System Design Fundamentals

Distributed Cache Design

A

Distributed Cache Design

The Problem

Your URL shortener service from the previous section is booming. One second you’re serving 400 redirects per second; next week it’s 4,000. Your single Redis instance is maxing out. You need a distributed caching system that scales horizontally—add servers and automatically distribute the data across them.

We’re designing a system like Redis Cluster or Memcached: key-value storage that can span hundreds of nodes, automatically routes requests to the right node, rebalances when nodes join or leave, and recovers gracefully from failures. This is the infrastructure layer that powers real-world systems.

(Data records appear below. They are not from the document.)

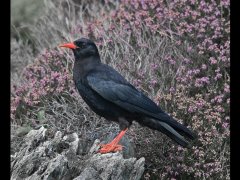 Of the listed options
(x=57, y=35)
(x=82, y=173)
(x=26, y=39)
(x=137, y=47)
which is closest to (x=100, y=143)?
(x=82, y=173)

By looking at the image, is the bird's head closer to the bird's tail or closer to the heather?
the heather

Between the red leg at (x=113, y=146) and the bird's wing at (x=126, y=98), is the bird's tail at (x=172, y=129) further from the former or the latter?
the red leg at (x=113, y=146)

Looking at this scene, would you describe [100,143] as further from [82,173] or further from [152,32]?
[152,32]

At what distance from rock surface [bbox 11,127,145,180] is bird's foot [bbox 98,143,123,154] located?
0.08m

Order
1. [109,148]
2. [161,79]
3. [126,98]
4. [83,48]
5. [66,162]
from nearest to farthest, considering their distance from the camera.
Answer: [66,162]
[109,148]
[126,98]
[83,48]
[161,79]

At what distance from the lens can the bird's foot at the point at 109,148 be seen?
654cm

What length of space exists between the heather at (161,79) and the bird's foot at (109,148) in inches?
22.5

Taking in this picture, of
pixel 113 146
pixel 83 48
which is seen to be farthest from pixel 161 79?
pixel 113 146

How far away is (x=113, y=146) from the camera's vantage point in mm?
6668

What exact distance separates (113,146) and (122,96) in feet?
1.95

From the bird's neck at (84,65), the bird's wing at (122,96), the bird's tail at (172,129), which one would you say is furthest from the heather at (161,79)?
the bird's neck at (84,65)

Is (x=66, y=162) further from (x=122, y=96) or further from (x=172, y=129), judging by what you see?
(x=172, y=129)

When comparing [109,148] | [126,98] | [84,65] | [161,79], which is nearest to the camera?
[109,148] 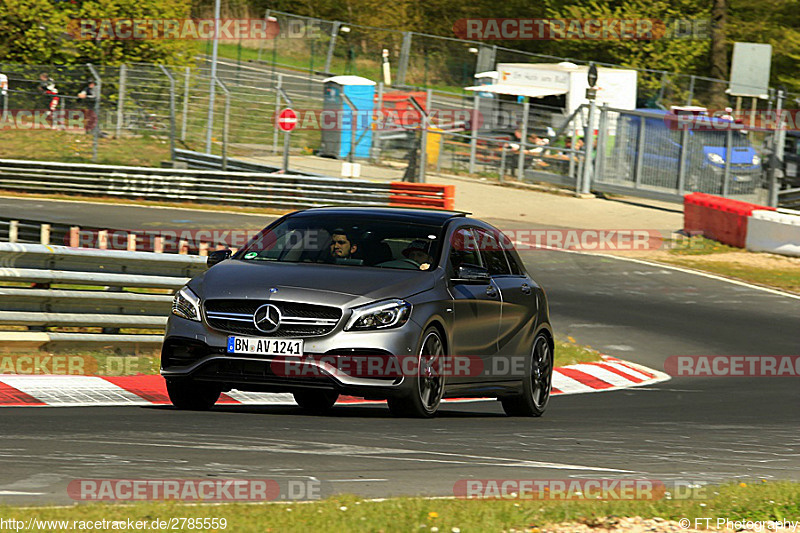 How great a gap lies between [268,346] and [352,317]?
0.58 m

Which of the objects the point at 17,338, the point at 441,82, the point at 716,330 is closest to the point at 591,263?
the point at 716,330

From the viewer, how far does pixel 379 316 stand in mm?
8750

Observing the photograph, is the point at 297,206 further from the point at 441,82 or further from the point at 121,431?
the point at 121,431

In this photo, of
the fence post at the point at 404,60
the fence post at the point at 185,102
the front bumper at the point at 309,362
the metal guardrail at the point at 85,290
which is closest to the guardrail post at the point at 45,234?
the metal guardrail at the point at 85,290

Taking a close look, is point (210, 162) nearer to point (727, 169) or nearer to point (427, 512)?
point (727, 169)

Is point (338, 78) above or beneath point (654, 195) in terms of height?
above

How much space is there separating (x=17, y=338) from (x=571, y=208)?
2445cm

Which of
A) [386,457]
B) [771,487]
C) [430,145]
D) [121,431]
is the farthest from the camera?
[430,145]

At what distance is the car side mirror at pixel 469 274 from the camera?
379 inches

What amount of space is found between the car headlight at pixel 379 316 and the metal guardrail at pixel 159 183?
2325cm

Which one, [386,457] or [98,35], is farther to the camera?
[98,35]

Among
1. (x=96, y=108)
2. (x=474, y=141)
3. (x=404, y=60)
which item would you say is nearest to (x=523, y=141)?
(x=474, y=141)

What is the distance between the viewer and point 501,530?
5.25 meters

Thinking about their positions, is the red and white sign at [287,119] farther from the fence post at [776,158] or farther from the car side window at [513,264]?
the car side window at [513,264]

Requirements and Functional Scope

Functional Requirements

  • Get/Set/Delete operations: Atomic key-value manipulation
  • TTL (Time-To-Live): Keys expire automatically after specified duration
  • Eviction policies: When memory is full, evict old/unused keys (LRU, LFU, random)
  • Data types: Support strings, hashes, lists, sets, sorted sets (like Redis)
  • Transactions: Multi-step operations execute atomically
  • Persistence: Optional durability to disk (RDB snapshots, AOF)

Non-Functional Requirements

  • Sub-millisecond latency: GET/SET under 1ms (99th percentile)
  • High throughput: Support 1M operations per second across cluster
  • Horizontal scalability: Add nodes to increase capacity and throughput
  • High availability: Tolerate node failures with minimal data loss
  • Cluster membership: Nodes automatically discover new nodes and rebalance
  • Data distribution: Even distribution (avoid hot partitions)

The Core Problem: Data Distribution

Imagine you have 3 cache nodes and 1 million cached keys. How do you decide which key lives on which node?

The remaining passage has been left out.